Accepting an Offer
Accept an Offer
You may not have to wait long for your first offer. If the market is active, you may get one the day you list. In most cases, however, you will wait anywhere from 30 to 60 days for an offer. This can be an emotional process, especially if offers come in far below your list price, or your home has been on the market for several months.
- Don't rush negotiations - Take the time to receive offers in person, not over the phone. Consider all offers carefully, and make sure that the terms are as favorable to you as they are to the buyer.
- Decide on the lowest offer you'll accept - Avoid sharing this figure with anyone, including your agent, as the number may change during the time your home is on the market. Be careful not to telegraph your lowest expectations to a buyer.

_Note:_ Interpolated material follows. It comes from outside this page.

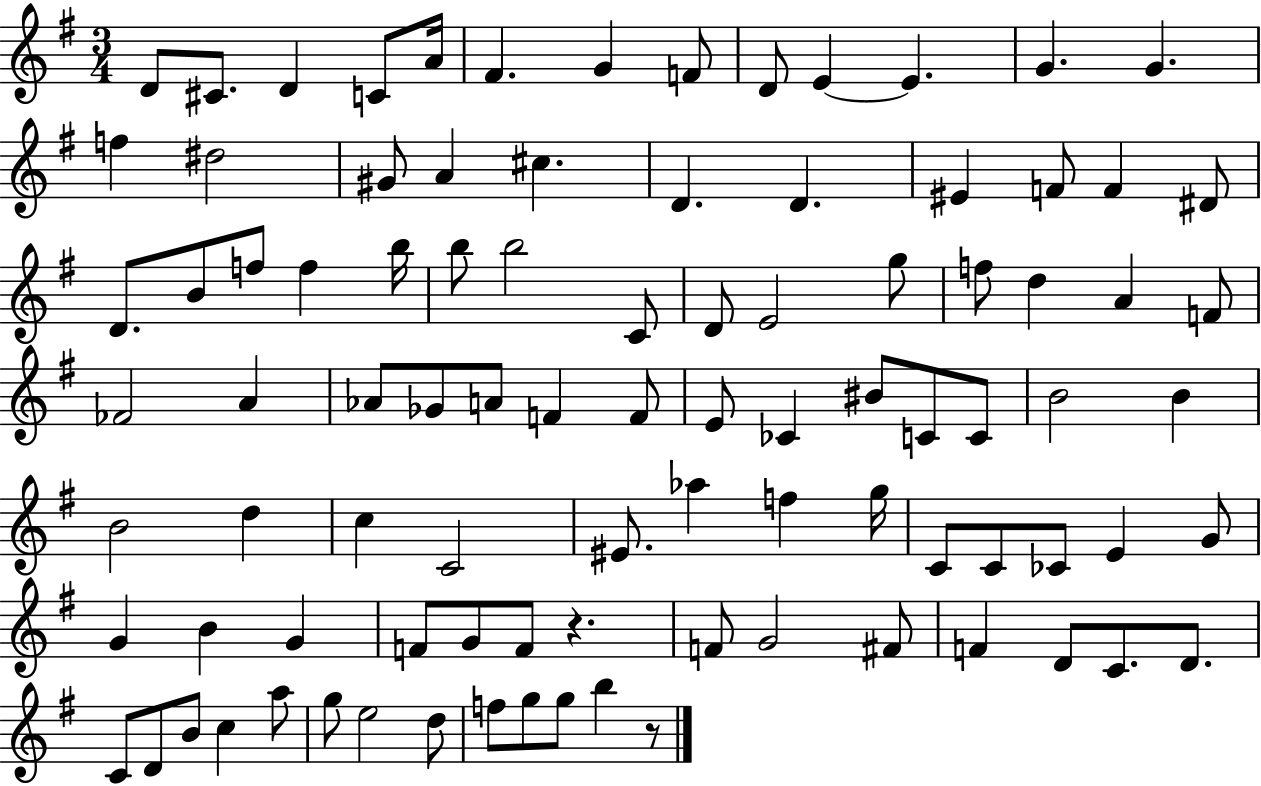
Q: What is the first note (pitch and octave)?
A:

- Get everything in writing - This is for your protection and the buyer's. Documenting the process helps avoid confusion and potential legal problems down the road.

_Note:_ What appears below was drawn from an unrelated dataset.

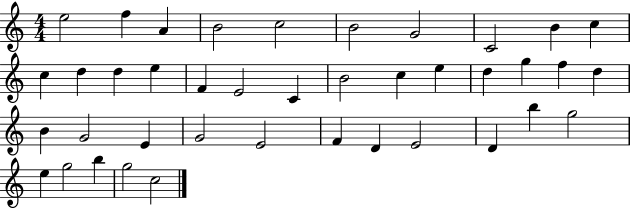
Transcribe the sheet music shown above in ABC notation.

- Don't get personal - You want to know as much as possible about the buyer's motivation—and the buyer wants to know about yours, as well. If possible, avoid discussing your situation in terms of any need to sell. Don't overreact if you are presented with an offer you find insulting.
- Don't hesitate to counter - Even in a buyer's market where numerous listings make selling difficult, it never hurts to counter an offer (particularly a low offer).
- Play fair - If you are selling in an active market, work out an orderly procedure for receiving more than one offer at a time.